Data items:
╭──
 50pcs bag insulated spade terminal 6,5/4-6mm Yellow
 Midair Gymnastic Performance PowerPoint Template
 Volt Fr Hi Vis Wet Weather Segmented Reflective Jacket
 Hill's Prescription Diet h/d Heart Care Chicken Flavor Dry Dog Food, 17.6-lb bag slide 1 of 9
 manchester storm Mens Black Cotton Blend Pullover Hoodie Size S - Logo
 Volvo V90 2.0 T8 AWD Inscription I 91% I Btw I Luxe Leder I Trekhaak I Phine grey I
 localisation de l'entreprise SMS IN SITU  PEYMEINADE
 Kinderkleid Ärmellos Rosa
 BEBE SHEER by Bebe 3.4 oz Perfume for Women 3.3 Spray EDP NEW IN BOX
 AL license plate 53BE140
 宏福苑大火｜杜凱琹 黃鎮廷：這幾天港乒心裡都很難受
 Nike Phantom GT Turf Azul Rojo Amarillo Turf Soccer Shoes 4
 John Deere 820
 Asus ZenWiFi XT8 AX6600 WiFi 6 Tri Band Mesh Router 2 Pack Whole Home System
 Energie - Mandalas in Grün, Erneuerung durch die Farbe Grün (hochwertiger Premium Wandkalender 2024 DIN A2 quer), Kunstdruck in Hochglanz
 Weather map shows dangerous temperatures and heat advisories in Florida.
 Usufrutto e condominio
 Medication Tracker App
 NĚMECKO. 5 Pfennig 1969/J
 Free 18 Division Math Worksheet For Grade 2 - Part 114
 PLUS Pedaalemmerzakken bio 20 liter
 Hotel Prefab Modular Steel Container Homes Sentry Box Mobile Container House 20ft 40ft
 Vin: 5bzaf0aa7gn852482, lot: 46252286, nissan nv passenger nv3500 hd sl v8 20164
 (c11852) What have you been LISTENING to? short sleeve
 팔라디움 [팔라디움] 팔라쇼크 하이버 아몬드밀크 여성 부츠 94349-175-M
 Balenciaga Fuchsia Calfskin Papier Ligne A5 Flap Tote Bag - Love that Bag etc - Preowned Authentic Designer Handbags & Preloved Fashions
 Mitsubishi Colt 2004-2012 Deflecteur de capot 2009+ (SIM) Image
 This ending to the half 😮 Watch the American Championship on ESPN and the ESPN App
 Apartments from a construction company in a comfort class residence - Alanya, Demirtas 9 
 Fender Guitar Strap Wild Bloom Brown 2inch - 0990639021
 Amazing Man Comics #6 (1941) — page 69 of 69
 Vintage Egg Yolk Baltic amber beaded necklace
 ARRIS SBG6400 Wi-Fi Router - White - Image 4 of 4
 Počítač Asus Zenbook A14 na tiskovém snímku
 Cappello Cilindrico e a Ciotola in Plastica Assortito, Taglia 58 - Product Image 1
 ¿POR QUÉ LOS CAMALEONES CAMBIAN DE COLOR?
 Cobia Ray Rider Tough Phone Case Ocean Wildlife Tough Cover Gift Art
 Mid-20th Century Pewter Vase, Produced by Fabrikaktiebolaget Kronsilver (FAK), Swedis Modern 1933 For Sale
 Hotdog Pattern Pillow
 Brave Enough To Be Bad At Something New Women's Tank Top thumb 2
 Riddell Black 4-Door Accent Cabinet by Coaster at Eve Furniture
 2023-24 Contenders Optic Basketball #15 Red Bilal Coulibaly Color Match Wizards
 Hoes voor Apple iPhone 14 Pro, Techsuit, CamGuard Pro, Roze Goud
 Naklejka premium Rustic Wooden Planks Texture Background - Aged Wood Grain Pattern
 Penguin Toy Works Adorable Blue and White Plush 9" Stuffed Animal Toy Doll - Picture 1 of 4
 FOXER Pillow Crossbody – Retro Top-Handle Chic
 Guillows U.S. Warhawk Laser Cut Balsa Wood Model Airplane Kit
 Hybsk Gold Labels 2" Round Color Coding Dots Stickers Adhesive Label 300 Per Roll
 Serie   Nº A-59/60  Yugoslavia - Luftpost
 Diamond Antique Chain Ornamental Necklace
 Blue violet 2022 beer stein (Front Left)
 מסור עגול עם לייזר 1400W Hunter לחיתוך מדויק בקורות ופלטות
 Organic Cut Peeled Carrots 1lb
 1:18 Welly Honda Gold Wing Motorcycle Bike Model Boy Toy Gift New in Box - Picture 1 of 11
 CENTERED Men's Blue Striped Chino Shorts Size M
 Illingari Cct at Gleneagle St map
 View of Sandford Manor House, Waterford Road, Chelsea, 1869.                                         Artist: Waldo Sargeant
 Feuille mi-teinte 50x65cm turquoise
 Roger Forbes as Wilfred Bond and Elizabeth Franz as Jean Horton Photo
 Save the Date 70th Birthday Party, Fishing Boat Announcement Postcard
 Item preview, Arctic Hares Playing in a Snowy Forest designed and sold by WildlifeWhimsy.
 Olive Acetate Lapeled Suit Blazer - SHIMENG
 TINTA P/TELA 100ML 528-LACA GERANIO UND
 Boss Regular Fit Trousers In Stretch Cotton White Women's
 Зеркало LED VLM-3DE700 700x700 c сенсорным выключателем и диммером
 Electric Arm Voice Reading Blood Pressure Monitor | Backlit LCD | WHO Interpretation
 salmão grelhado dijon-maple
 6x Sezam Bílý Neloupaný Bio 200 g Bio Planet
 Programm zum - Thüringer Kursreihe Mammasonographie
╰──
• _Task objective_: Repeat the entries above verbatim, but only from the line that has "Kinderkleid Ärmellos Rosa" down to the line that has "PLUS Pedaalemmerzakken bio 20 liter", inclusive.

• _Answer_:
 Kinderkleid Ärmellos Rosa
 BEBE SHEER by Bebe 3.4 oz Perfume for Women 3.3 Spray EDP NEW IN BOX
 AL license plate 53BE140
 宏福苑大火｜杜凱琹 黃鎮廷：這幾天港乒心裡都很難受
 Nike Phantom GT Turf Azul Rojo Amarillo Turf Soccer Shoes 4
 John Deere 820
 Asus ZenWiFi XT8 AX6600 WiFi 6 Tri Band Mesh Router 2 Pack Whole Home System
 Energie - Mandalas in Grün, Erneuerung durch die Farbe Grün (hochwertiger Premium Wandkalender 2024 DIN A2 quer), Kunstdruck in Hochglanz
 Weather map shows dangerous temperatures and heat advisories in Florida.
 Usufrutto e condominio
 Medication Tracker App
 NĚMECKO. 5 Pfennig 1969/J
 Free 18 Division Math Worksheet For Grade 2 - Part 114
 PLUS Pedaalemmerzakken bio 20 liter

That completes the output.